[WHAT IS EXPECTED] Exact copy, no pictures: every line from the one that contains "千葉氏は自身でHondaJe" through the end of the data below, and nothing else.

━━━━━ RECORD EXCERPTS

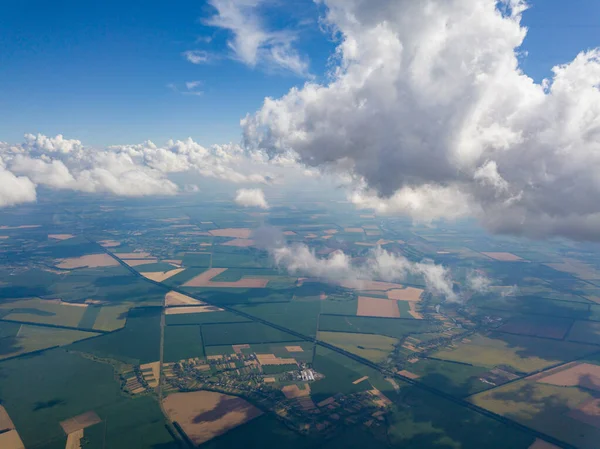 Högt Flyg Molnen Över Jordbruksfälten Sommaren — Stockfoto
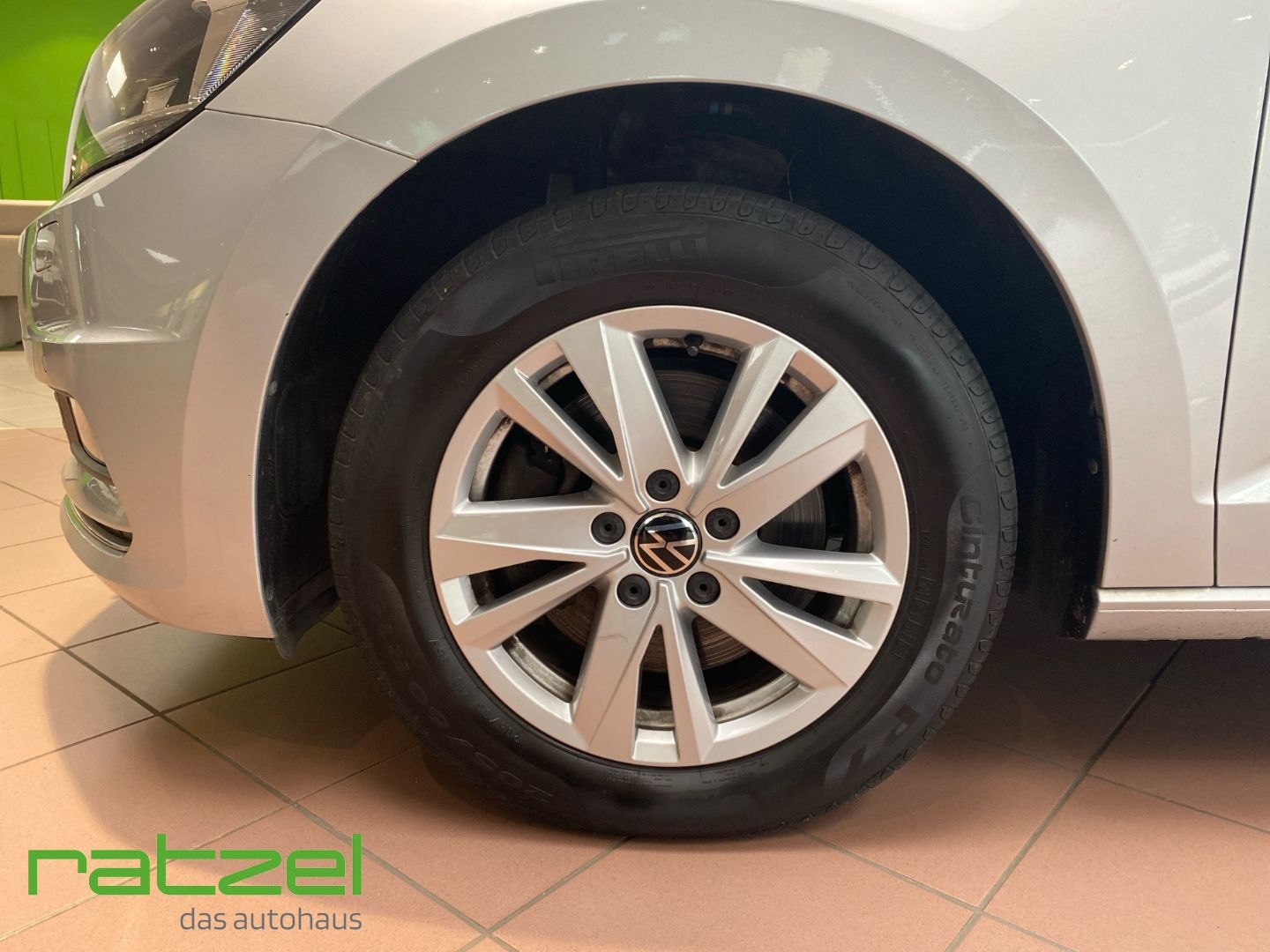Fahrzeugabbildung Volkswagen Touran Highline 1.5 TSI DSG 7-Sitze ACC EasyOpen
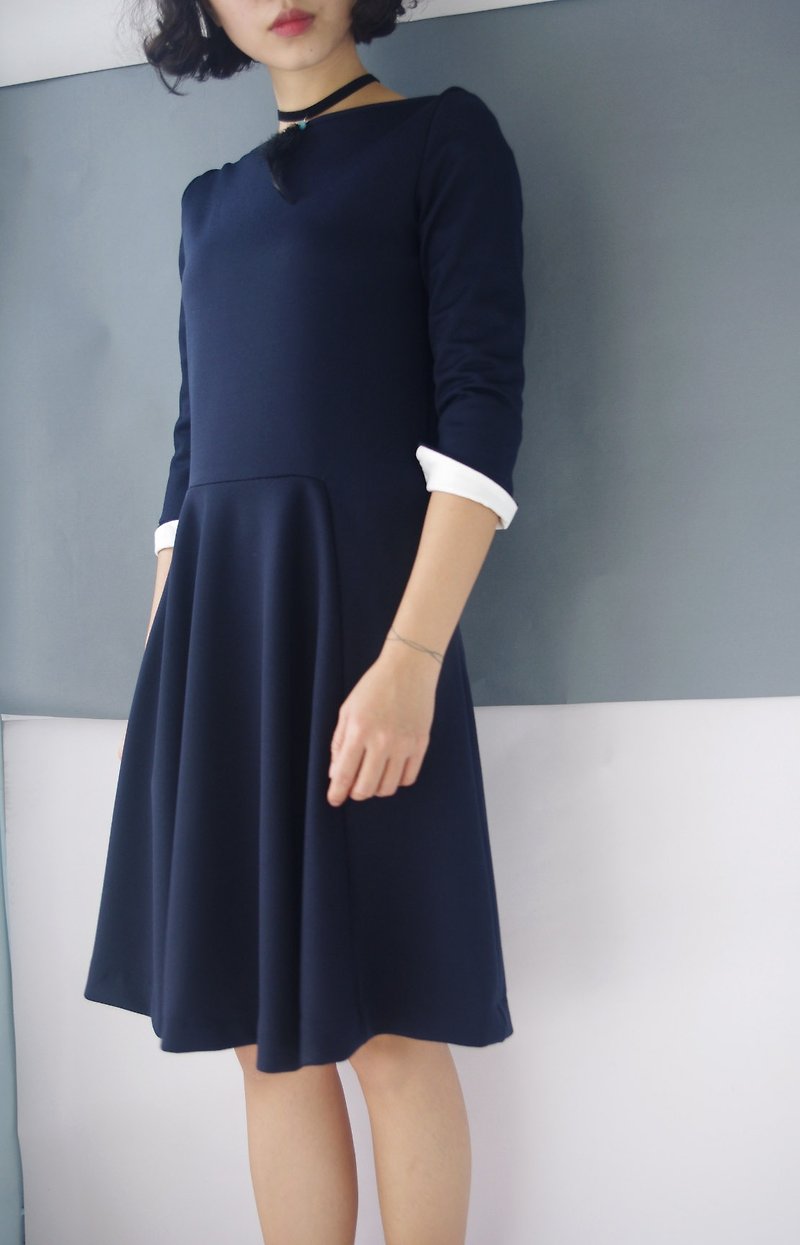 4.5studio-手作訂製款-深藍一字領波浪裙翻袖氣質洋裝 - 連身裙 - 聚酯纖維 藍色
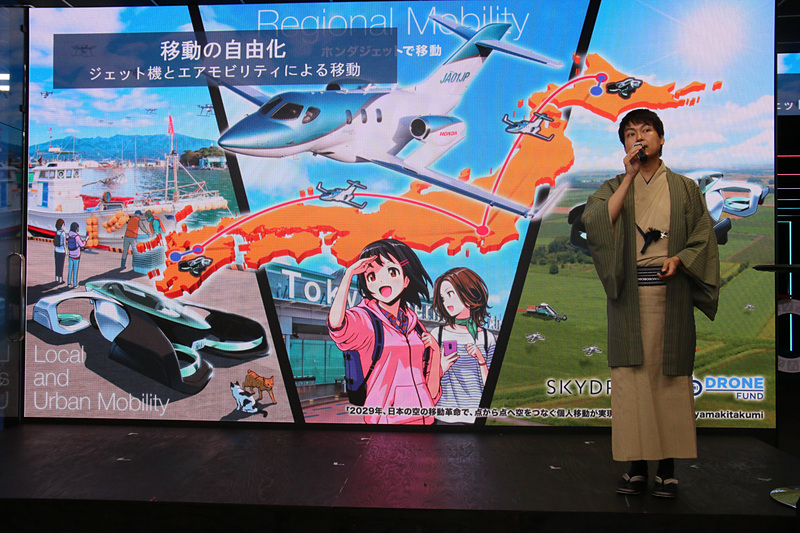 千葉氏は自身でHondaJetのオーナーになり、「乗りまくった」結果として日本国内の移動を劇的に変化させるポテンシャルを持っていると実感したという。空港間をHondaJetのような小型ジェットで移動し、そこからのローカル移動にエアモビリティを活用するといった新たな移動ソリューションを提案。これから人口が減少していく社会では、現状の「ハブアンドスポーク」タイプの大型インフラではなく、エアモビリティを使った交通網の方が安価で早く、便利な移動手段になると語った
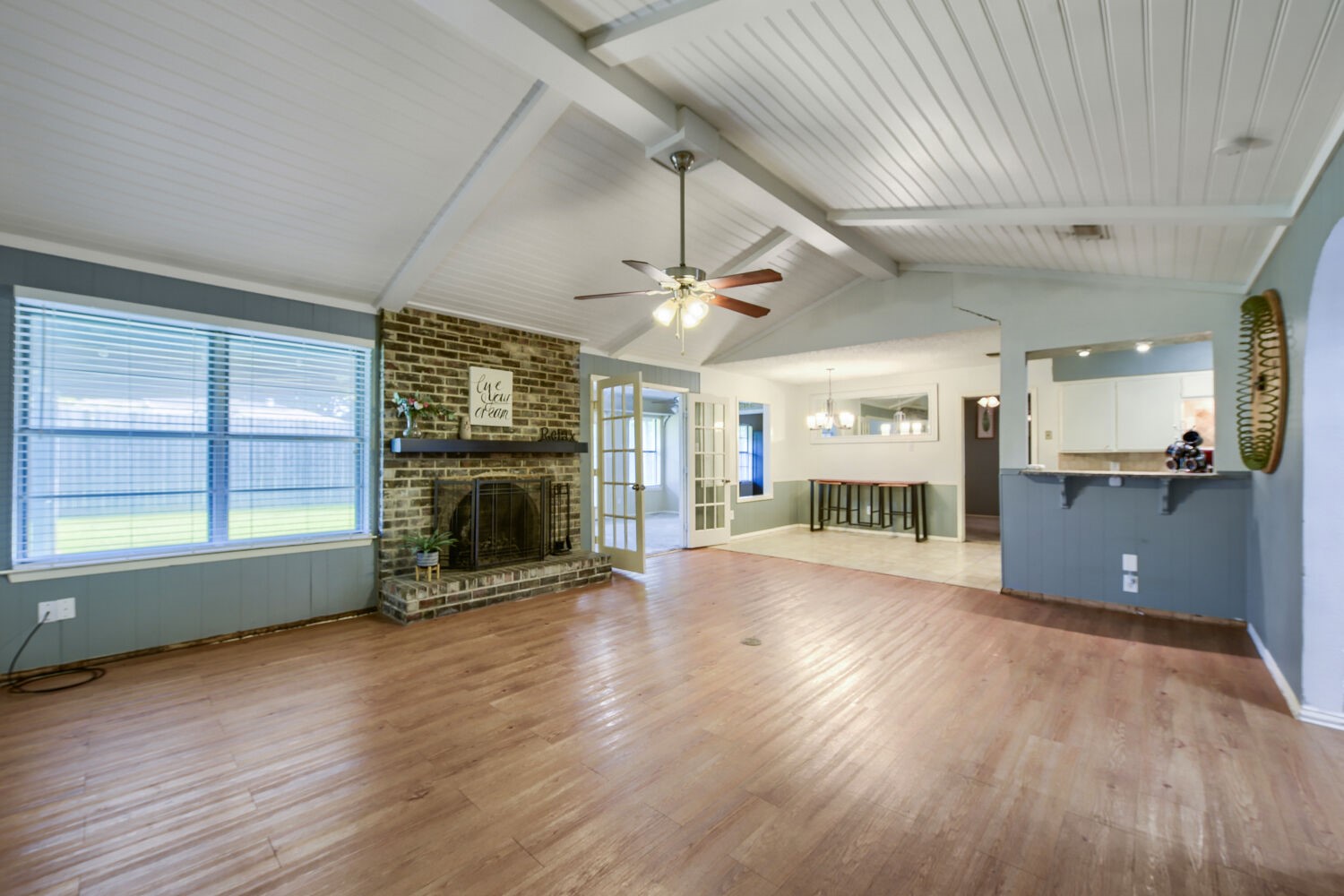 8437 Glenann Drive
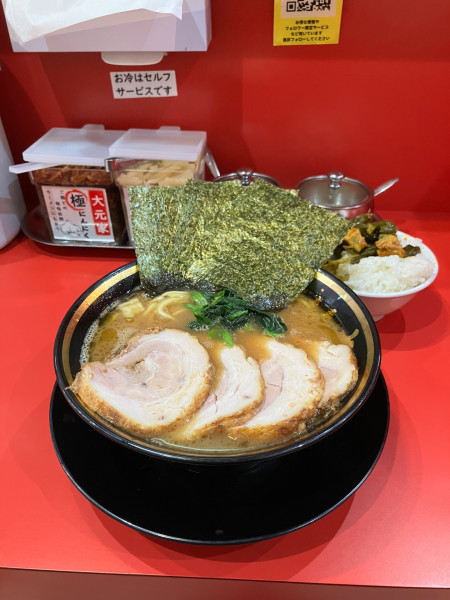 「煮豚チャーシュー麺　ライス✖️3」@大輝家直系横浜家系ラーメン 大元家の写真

━━━━━━━━━━

[WORKED SOLUTION]
 千葉氏は自身でHondaJetのオーナーになり、「乗りまくった」結果として日本国内の移動を劇的に変化させるポテンシャルを持っていると実感したという。空港間をHondaJetのような小型ジェットで移動し、そこからのローカル移動にエアモビリティを活用するといった新たな移動ソリューションを提案。これから人口が減少していく社会では、現状の「ハブアンドスポーク」タイプの大型インフラではなく、エアモビリティを使った交通網の方が安価で早く、便利な移動手段になると語った
 8437 Glenann Drive
 「煮豚チャーシュー麺　ライス✖️3」@大輝家直系横浜家系ラーメン 大元家の写真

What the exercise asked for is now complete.